I’m probably not going to do an update on this every month, but things are still changing fast enough that it is worth it for now.
- my weight has dropped almost two stone — I’m still averaging about two pounds a week1, and my usual routines have reestablished themselves. I feel lighter in myself.
- I’m able to wear clothes I haven’t fitted into for years — I mentioned shirts last time, but now it’s trousers and jeans in smaller sizes which I can not only squeeze into but actually spend a comfortable day in.
One side note here is that the smaller jeans in particular don’t have big enough pockets to hold my phone. The last time I wore these was before I got a smart phone, and my current device is huge in comparison to the flip phone I had before. So I have had to get a phone holster to go on my belt so I can sit down while wearing my jeans.
Bonus: I can use this holster with anything.
- running continues to be easier — I am routinely seeing sub-nine minute pace over some pretty challenging routes, and even had a sub-7:30 mile coming down hill2. Today’s run is emblematic: I did a standard route and thought I had gone quite slowly because I kicked out too fast and then had to slow down a bit in the last mile, but when I checked my records it was the fastest I had run that route.
More significant is that I can run more; I have been able to increase my runs to five a week from four without additional discomfort. In fact, my joints feel much less painful in general.
Also, I just like how loose-limbed I am feeling when I run now. It’s relaxing to go out rather than dreary.
It’s been very positive.
The immediate goal is to regain my lifetime membership status with Weight Watchers3, a goal with which I have a slightly contentious relationship.
The last time I was following a Weight Watchers programme, I followed the plan but I wasn’t eating enough. The zero point foods were very restricted and contained no protein, and I ended up dropping weight past my goal to the point where I couldn’t stop losing. I increased my food intake with maintenance points and I was still shedding, so the meeting leader and I finagled the goal weight a little bit so I could stabilise at a lower weight that was closer to where I had landed while still satisfying the rules as they were then. Then I got my lifetime membership.
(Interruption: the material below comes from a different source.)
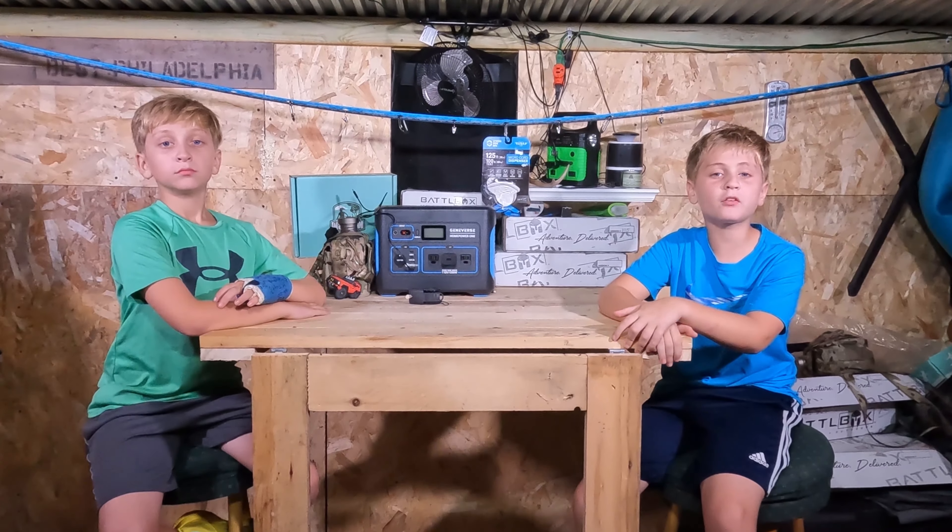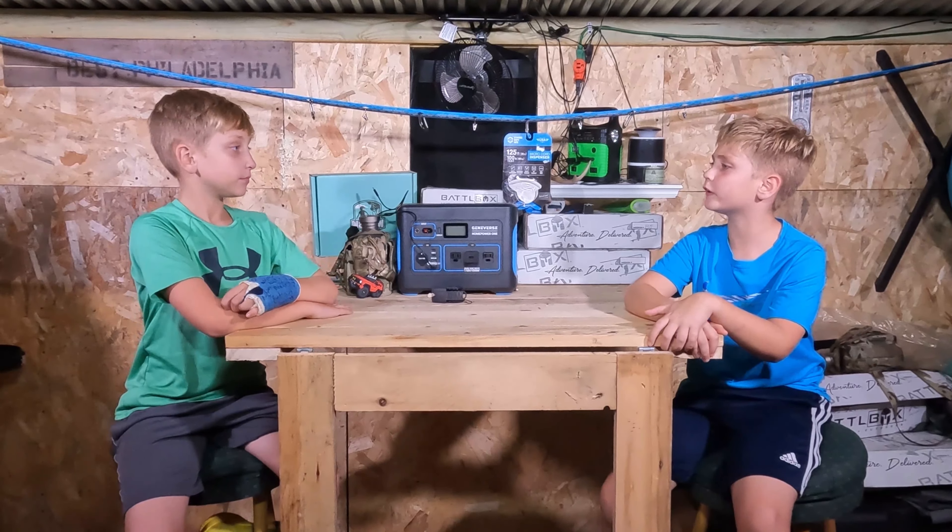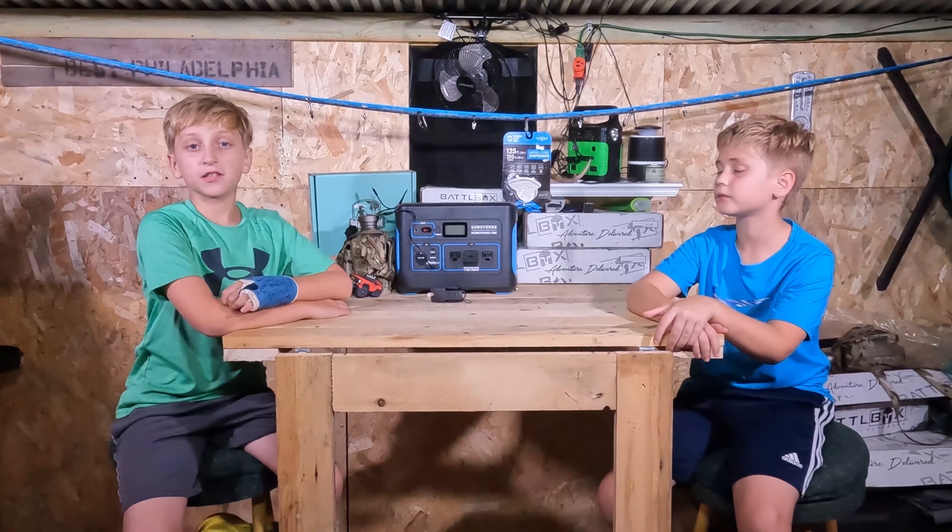Hey guys, Sam and Mason from the Power Fortress. Today we're going to show you how to build a basketball net. I thought we were going to do a fishing net. Well, you can use this technique for both.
But the lower weight was not sustainable, as I had feared, and the purported lifestyle changes didn’t stick because I had been depriving myself in order to stay on programme4. I basically went back to my old eating habits within a month.
So, as I approach my goal weight, I find myself reviewing my records from 2006 and thinking that I need to talk to the leaders at my meeting to see what they think is the best way to negotiate this process. Do I aim for the original goal weight, which is less than ten pounds away now, or for the lower weight I have written on my lifetime membership card (which would probably be sustainable, given the newer programme).
It’s an interesting problem, but it’s a good problem to have.
 a kilogramme
 which obviously doesn’t count as a PB, but does have the benefit of teaching my body what that feels like so I can push for that pace on the flat.
 soon to be rebranded as “WW”, mostly to de-emphasise the weight loss portion of the programme, but I have thoughts on that I will share another time.
 the point of Weight Watchers is to encourage lifestyle changes and to not feel deprived in the process, but the older programme didn’t support that at all.